At the end of another academic year (my 16th!), I can look back on a year where I spent an enormous amount of time grading assessments. This past semester I have three modules with three separate assessments (usually two assignments and an exam). The class size is about 60 students on average - that's approximately 540 assessments to grade. For my remaining module, I have weekly labs that must be graded - so there are about 10 of these over the semester. With a class size of 35, this means around 350 separate sets of corrections. That's almost 900 assessments to grade - all of this takes a long time! For students, they too often feel that they are constantly under pressure of many deadlines throughout the semester, with something due almost every week.
I'm a believer of Continuous Assessment being continuous (the notion of "repeating" a CA drives me mad!). By this I mean that it should be on a regular basis.

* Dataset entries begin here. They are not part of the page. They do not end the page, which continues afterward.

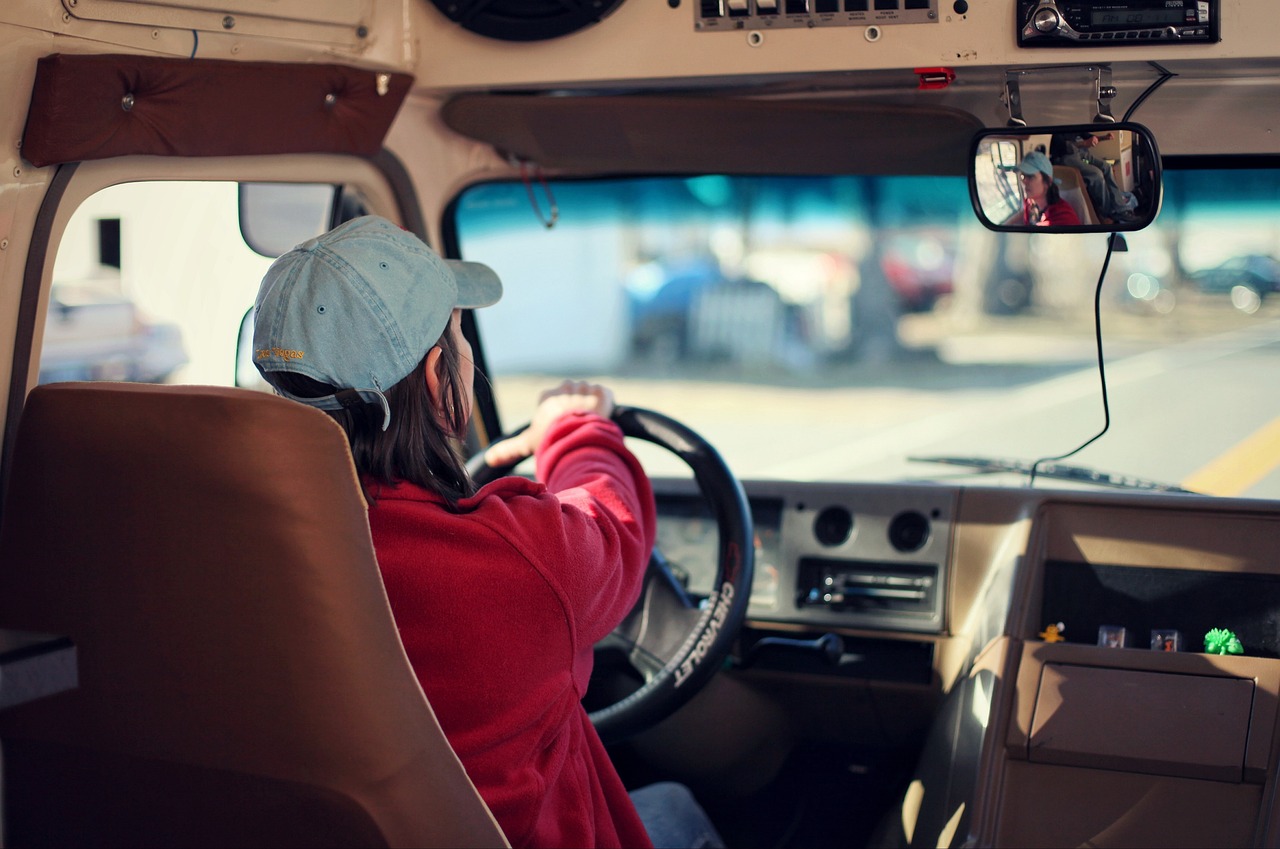 奧迪性價比之選，實惠兩廂車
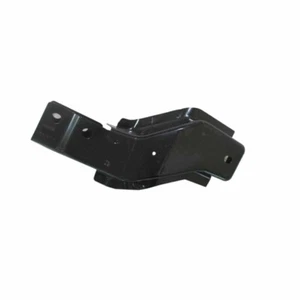 Se adapta a la barra de amarre de acero con soporte de radiador superior derecho para Chevrolet Impala 2010-2020 - Imagen 1 de 1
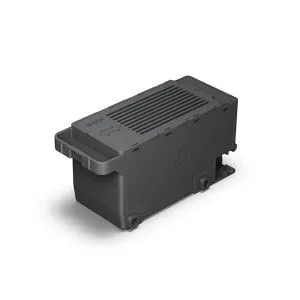 Patrona EPSON C12C934591 Maintance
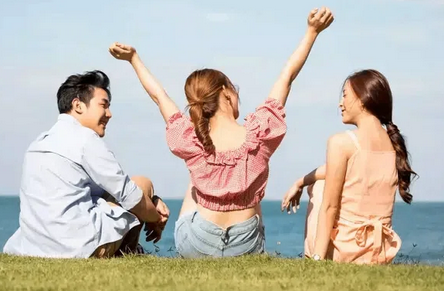 株式会社プライムコンセプト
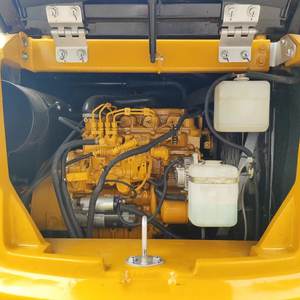 Excavadoras NUEVAS 7Ton 307E2 excavadora Caterpillar 307 a la venta - Product Image 2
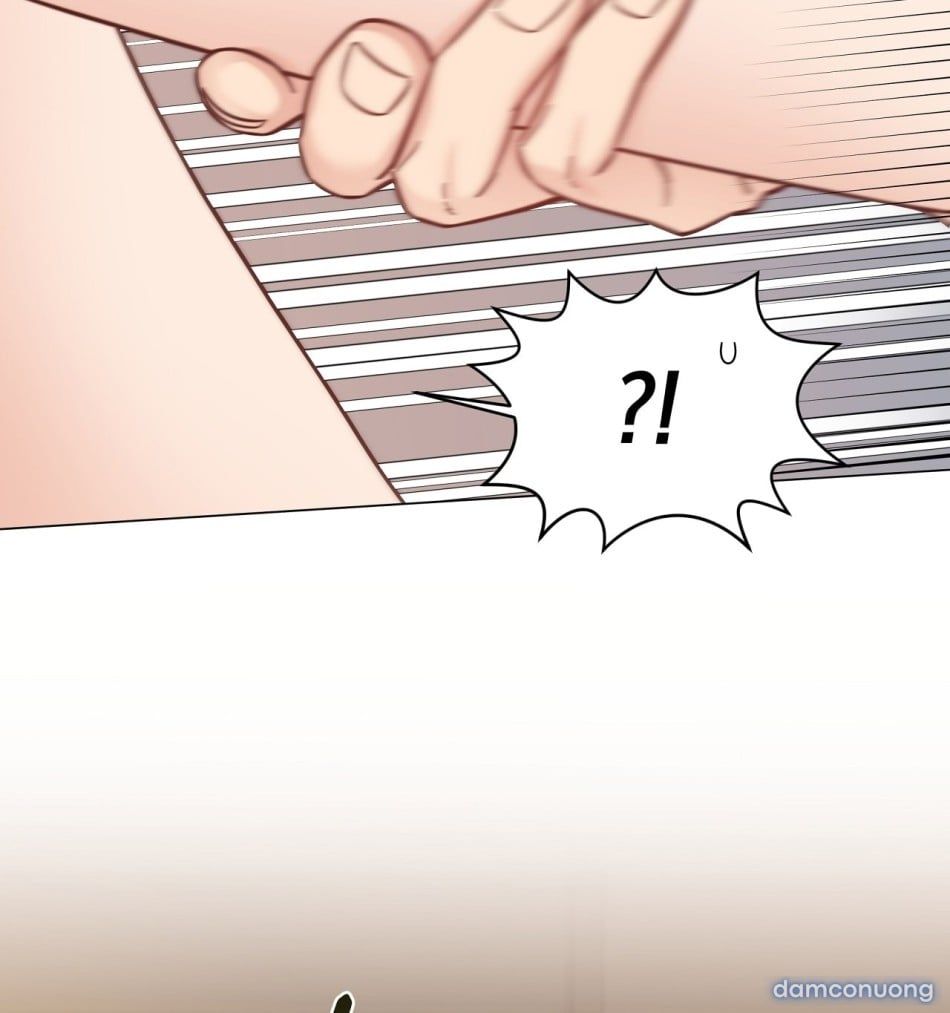 đọc truyện 〖18+〗- Kiện Tôi Đi Nào, Bé Iu! Chương 3 ảnh 48 tại Thiên Thai Truyện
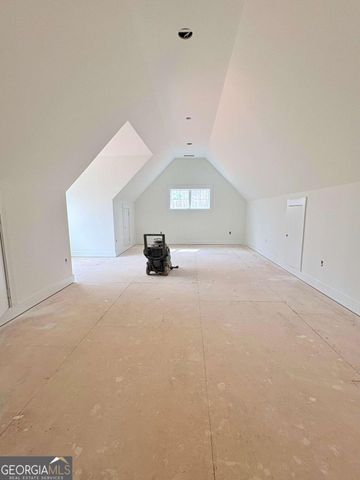 4013 Jersey Covington Road, Covington, GA 30014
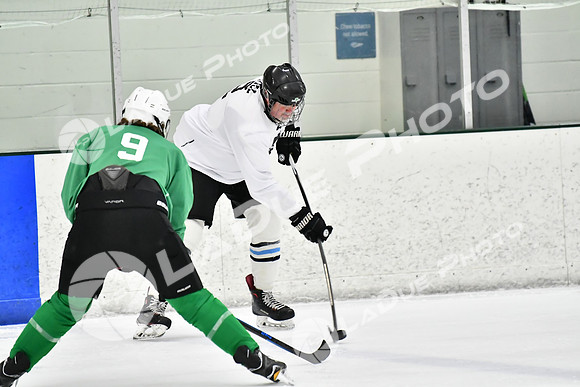 240317_FCHL_E_GoodOlBoys_Slainte056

It's hard work keeping up with weekly lab assessments, but I feel students get more out of it by building on their learning, and building up their grades on a weekly basis. But where should the line be before I cross over into over-assessment? If students are constantly under delivery deadlines (and the threat of penalties if they miss them), where do they find time to experiment, read extra material, examine case studies, take a break, and of course - prepare for exams? A single assignment, and a single exam seems to be the norm in many modules. This is great if you can use them to assess separate Learning Outcome, but it does not always happen that there is a neat division between Learning Outcomes. Designing assessments can be difficult because it is hard to get the balance right. Reducing the number of assessments takes the pressure off students, but we still need to ensure that the Learning Outcomes are assessed adequately.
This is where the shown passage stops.